Pursuant to Section 11A of the Securities Exchange Act of 1934 (“Act”),[1] and Rule 608 thereunder,[2] notice is hereby given that on May 10, 2013, the Consolidated Tape Association (“CTA”) Plan and Consolidated Quotation (“CQ”) Plan Start Printed Page 30366participants (“Participants”) [3] filed with the Securities and Exchange Commission (“Commission”) a proposal to amend the Second Restatement of the CTA Plan and Restated CQ Plan (collectively, the “Plans”).[4] The amendments (“Reversal Amendments”) propose to reverse the fee changes for which the Participants filed in the Sixteenth [5] and Seventeenth [6] Charges Amendments to the CTA Plan and the Eighth [7] and Ninth [8] Charges Amendments to the CQ Plan.
Pursuant to Rule 608(b)(3)(i) under Regulation NMS,[9] the Participants designated the Reversal Amendments as establishing or changing a fee or other charge collected on their behalf in connection with access to, or use of, the facilities contemplated by the Plans. As a result, the Reversal Amendments became effective upon filing with the Commission.
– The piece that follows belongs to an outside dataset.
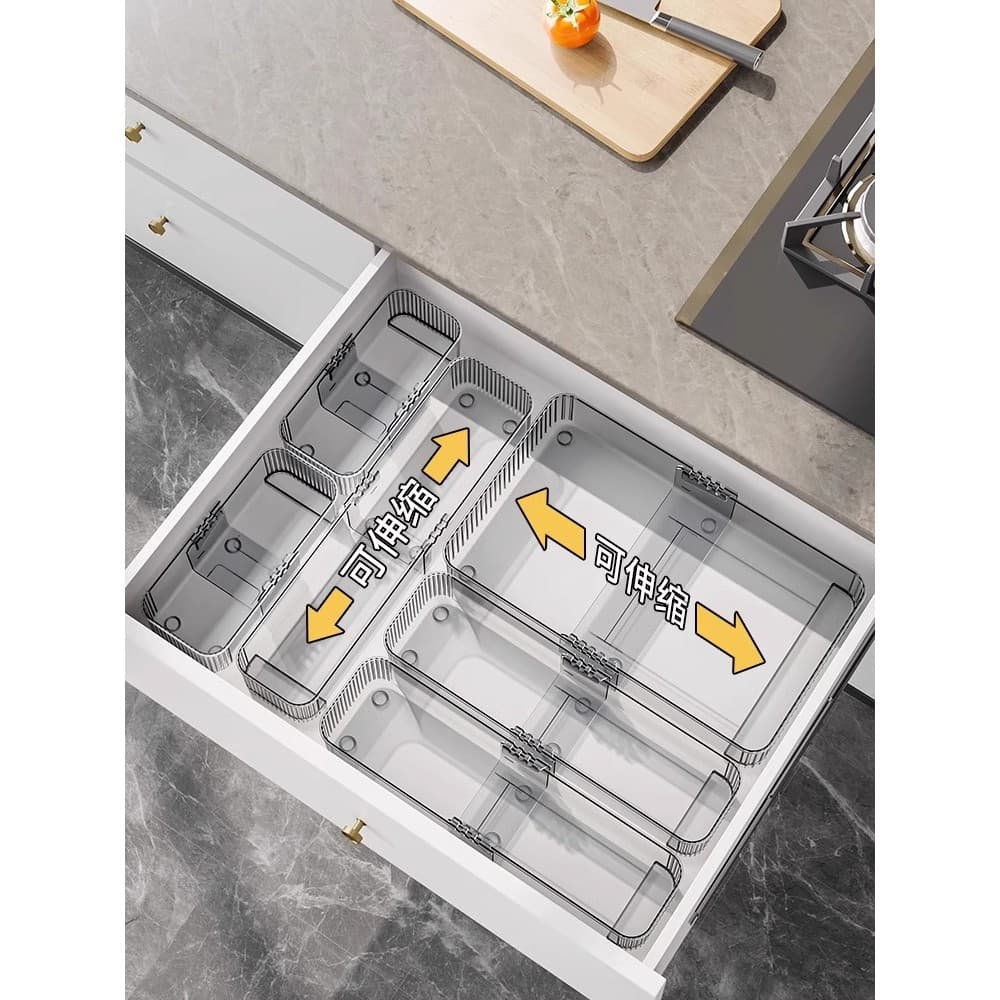 Caixa de armazenamento de gaveta transparente retrátil caixa de organização utensílios de cozinha do agregado familiar D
At any time within 60 days of the filing of the Reversal Amendments, the Commission may summarily abrogate the Reversal Amendments and require that the Reversal Amendments be refiled in accordance with paragraph (a)(1) of Rule 608 and reviewed in accordance with paragraph (b)(2) of Rule 608, if it appears to the Commission that such action is necessary or appropriate in the public interest, for the protection of investors, or the maintenance of fair and orderly markets, to remove impediments to, and perfect the mechanisms of, a national market system or otherwise in furtherance of the purposes of the Act.
The Commission is publishing this notice to solicit comments from interested persons on the proposed Reversal Amendments.
I. Rule 608(a)
A. Purpose of the Amendments
On March 11, 2013, the Participants filed with the Commission for immediate effectiveness the Sixteenth Charges Amendment to the CTA Plan and the Eighth Charges Amendment to the CQ Plan (the “March 11 Filings”). Those two amendments (the “Two Amendments”) made a number of changes to the fees payable under the Plans in an effort to achieve greater simplicity and to reduce administrative burdens.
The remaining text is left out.